Une mobilisation contre les préjugés
Chaque année depuis 2005, les collégiens de 3e doivent en effet effectuer un stage d’une semaine entre décembre et janvier de l’année scolaire. Un stage d’observation qui peut révéler des vocations, conforter les jeunes dans leur projet professionnel ou encore… les décevoir.
C’est le constat dressé dans les collèges Rostand, Renoir, Mallarmé et Prévert, tous les quatre en REP+ dans le 13e arrondissement de Marseille. Gilles Blondel, principal du collège Edmond Rostand, s’aperçoit depuis quelques années que de nombreux collégiens de son établissement réalisent leur stage dans les commerces de proximité, dans des épiceries ou encore des snacks. Au final, « tout le monde trouve un stage, mais pour la plupart, c’est par dépit », affirme Christophe Baralotto, président de l’entreprise Provepharm Solutions.
Avoir plaisir à aller travailler ? Une idée inconcevable pour la grande majorité des collégiens, constate Gilles Blondel. « J’ai vécu l’expérience personnelle d’une collégienne de mon établissement qui était en décrochage scolaire en 4e mais qui, après avoir effectué son stage, a été surprise de voir que le personnel était content de venir travailler ». Une élève revenue transformée tant au niveau de son comportement à l’école que dans ses ambitions professionnelles. Le stage d’observation est un cap important selon le principal du collège Edmond Rostand car il « booste l’envie de poursuivre des études et de faire le métier souhaité ». Une triste réalité où les jeunes issus des quartiers Nord s’imposent eux-mêmes une « autocensure » tant au niveau des études que des entreprises ciblées, poursuit-il.
Faire le ménage, ranger des cartons ou plier des vêtements
Une mère d’élève est venue assister à la présentation de l’opération « Dégun sans stage » en mars 2017. « Je saurai à qui m’adresser lorsque ma fille cherchera un stage, pour le moment elle est en 5e mais c’est important de savoir que cela existe », estime-t-elle. Venue accompagner ce jour-là deux collégiens en classe de 3e, elle déplore les nombreux refus catégoriques auxquels font face les enfants des quartiers.
À force de portes fermées, les collégiens se dirigent vers des stages qui ne correspondent pas du tout à leurs ambitions. Ce jour-là, Seifdine, un élève en 3e au collège Auguste Renoir est venu découvrir le projet « Dégun sans stage ». Lui, nous raconte avoir fait son stage en décembre 2016 dans une agence d’intérim. « Moi, je voulais faire un stage au centre de formation professionnelle de l’OM car je fais du foot, j’aime le sport et les métiers qui bougent.

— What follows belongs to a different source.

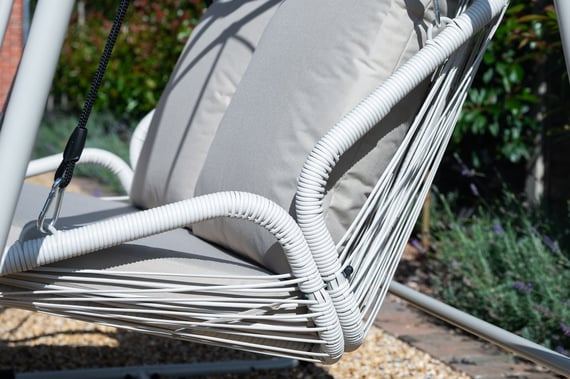 Norfolk Collection Stamford Rattan Swing Lifestyle H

Mais dans cette agence, je me suis retrouvé assis derrière un écran toute la journée et à ranger des cartons, ça ne m’a pas plu ». Une expérience dont il a su malgré tout en tirer des bénéfices. « J’ai appris à présenter un CV et à comprendre qu’il est très important de multiplier les chances et ne pas s’arrêter à une seule entreprise ».

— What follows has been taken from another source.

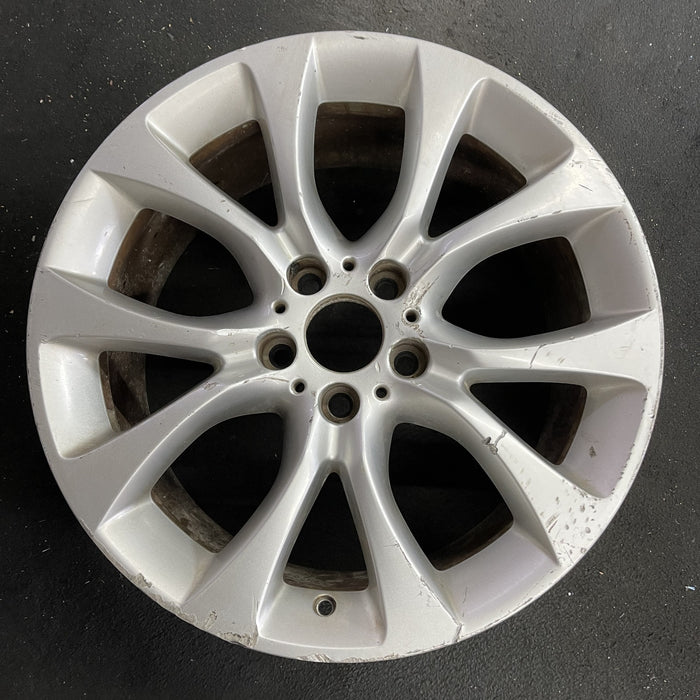 19" BMW X5 14-18 19x9 , 5 spoke, V spoke, wide spoke Original OEM Wheel Rim - Angle View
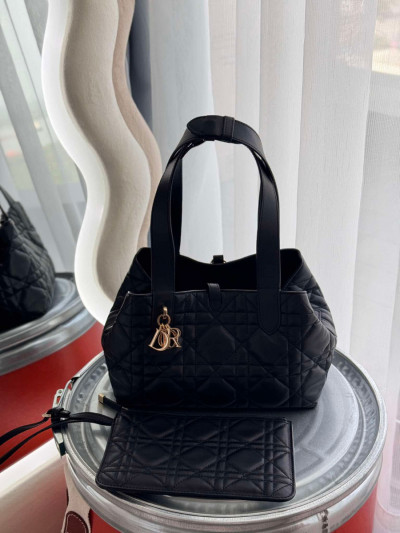 DIOR TOUJOURS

Une opération qui tombe à point
Le projet « Dégun sans stage » semble faire des ravis. Et ce n’est pas Madame Thomas, la principale du collège Jacques Prévert qui dira le contraire. « C’est la première fois que des entreprises viennent à nous, il s’agit là d’une vraie main tendue aux collégiens », félicite-t-elle. Elle accueille le dispositif avec un engouement qu’elle ne cache pas. L’opération permettra aux élèves d’aller vers des structures « plus solides en termes d’image et de perspectives », car « beaucoup d’entre eux ne connaissent pas la plage, il y a une sorte de frontière à Frais Vallon ou Malpassé de laquelle ils ont du mal à sortir ».
« On peut intégrer ces entreprises dont on ne voit que les façades », affirme Christophe Baralotto avant de conclure : « Dégun sans stage c’est de l’énergie et de la mobilisation car collectivement on est toujours plus forts. Mais le plus gros du travail reste à venir : faire connaître le dispositif », conclut Christophe Baralotto.